Task objective:
Once the line with "Jacob Ereste Apresiasi" is found in the entries below, print it and each following line exactly, stopping after the line with "Photo - Historical"; print nothing else.

▬▬▬

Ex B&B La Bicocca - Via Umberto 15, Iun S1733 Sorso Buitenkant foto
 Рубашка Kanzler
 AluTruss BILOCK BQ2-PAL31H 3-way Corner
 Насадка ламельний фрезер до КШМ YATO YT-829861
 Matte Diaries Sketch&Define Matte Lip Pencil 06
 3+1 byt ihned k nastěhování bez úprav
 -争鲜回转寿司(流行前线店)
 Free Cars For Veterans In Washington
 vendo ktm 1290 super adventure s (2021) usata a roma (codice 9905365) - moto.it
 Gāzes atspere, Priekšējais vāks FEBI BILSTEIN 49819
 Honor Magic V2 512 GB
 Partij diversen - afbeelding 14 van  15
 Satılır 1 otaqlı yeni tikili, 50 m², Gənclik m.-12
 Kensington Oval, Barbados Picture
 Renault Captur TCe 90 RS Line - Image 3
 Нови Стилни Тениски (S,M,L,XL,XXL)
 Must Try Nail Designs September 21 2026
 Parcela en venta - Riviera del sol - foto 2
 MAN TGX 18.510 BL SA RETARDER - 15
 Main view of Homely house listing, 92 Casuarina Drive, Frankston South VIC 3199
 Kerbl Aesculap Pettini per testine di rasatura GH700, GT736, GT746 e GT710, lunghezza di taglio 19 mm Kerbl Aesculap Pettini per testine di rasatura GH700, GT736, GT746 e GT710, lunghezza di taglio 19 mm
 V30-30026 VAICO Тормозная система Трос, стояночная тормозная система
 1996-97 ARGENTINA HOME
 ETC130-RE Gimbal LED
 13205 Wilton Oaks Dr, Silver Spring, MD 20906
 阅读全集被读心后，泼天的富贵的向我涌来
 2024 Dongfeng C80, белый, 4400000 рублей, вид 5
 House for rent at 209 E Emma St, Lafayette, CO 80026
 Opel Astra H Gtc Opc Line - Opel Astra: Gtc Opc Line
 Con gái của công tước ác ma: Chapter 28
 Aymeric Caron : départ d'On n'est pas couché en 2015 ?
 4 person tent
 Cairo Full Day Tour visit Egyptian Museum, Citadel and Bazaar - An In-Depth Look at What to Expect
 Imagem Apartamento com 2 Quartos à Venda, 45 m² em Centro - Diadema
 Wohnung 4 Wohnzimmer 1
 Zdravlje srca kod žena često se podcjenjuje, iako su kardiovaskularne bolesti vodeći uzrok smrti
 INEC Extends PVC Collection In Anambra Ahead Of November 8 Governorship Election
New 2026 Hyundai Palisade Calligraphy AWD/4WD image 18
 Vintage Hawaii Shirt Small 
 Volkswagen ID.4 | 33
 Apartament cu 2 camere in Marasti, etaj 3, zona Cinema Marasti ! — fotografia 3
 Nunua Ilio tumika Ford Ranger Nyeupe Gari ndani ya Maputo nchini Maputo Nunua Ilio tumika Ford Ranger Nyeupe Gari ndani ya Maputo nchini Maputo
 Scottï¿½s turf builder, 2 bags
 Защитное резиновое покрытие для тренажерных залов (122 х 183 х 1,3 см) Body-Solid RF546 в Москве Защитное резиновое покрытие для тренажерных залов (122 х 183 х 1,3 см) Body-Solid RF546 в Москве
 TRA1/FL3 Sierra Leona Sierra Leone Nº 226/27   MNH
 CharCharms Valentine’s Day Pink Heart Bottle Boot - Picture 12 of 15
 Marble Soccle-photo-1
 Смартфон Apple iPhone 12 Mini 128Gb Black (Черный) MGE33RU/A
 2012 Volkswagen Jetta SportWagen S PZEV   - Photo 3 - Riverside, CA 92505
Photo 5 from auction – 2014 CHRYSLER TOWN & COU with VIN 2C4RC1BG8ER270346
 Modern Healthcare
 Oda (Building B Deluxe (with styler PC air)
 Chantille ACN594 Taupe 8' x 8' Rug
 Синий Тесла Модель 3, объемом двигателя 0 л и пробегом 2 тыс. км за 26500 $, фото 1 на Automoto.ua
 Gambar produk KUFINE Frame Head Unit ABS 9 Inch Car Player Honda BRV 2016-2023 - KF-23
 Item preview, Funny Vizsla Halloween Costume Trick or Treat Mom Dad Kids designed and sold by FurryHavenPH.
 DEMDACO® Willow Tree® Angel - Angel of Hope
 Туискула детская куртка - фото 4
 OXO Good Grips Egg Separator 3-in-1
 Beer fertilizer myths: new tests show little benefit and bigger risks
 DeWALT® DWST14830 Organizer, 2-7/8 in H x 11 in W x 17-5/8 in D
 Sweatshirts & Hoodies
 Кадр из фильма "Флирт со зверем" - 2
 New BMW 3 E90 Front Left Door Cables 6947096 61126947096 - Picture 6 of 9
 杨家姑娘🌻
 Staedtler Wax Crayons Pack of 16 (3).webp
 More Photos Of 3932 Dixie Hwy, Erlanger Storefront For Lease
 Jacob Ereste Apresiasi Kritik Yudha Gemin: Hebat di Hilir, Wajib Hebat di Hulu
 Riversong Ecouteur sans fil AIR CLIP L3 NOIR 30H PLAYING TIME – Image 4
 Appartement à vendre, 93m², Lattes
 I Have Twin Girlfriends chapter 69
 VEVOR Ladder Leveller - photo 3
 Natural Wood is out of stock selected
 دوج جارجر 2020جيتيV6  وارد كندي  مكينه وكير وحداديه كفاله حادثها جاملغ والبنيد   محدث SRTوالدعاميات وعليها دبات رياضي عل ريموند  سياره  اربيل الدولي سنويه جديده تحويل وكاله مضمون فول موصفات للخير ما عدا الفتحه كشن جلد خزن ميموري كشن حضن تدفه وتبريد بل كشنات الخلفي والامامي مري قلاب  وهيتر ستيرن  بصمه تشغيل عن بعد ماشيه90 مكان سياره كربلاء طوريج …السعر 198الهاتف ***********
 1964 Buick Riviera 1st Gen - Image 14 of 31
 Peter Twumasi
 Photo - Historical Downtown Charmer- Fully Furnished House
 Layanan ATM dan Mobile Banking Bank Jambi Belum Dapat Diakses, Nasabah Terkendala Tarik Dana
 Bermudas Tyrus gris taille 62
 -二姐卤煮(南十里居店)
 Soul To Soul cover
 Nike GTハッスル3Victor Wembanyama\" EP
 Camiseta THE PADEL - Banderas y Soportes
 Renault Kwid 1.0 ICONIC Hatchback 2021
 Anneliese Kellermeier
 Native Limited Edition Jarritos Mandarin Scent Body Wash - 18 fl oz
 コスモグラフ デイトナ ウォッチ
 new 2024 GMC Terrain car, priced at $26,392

▬▬▬

Answer space:
 Jacob Ereste Apresiasi Kritik Yudha Gemin: Hebat di Hilir, Wajib Hebat di Hulu
 Riversong Ecouteur sans fil AIR CLIP L3 NOIR 30H PLAYING TIME – Image 4
 Appartement à vendre, 93m², Lattes
 I Have Twin Girlfriends chapter 69
 VEVOR Ladder Leveller - photo 3
 Natural Wood is out of stock selected
 دوج جارجر 2020جيتيV6  وارد كندي  مكينه وكير وحداديه كفاله حادثها جاملغ والبنيد   محدث SRTوالدعاميات وعليها دبات رياضي عل ريموند  سياره  اربيل الدولي سنويه جديده تحويل وكاله مضمون فول موصفات للخير ما عدا الفتحه كشن جلد خزن ميموري كشن حضن تدفه وتبريد بل كشنات الخلفي والامامي مري قلاب  وهيتر ستيرن  بصمه تشغيل عن بعد ماشيه90 مكان سياره كربلاء طوريج …السعر 198الهاتف ***********
 1964 Buick Riviera 1st Gen - Image 14 of 31
 Peter Twumasi
 Photo - Historical Downtown Charmer- Fully Furnished House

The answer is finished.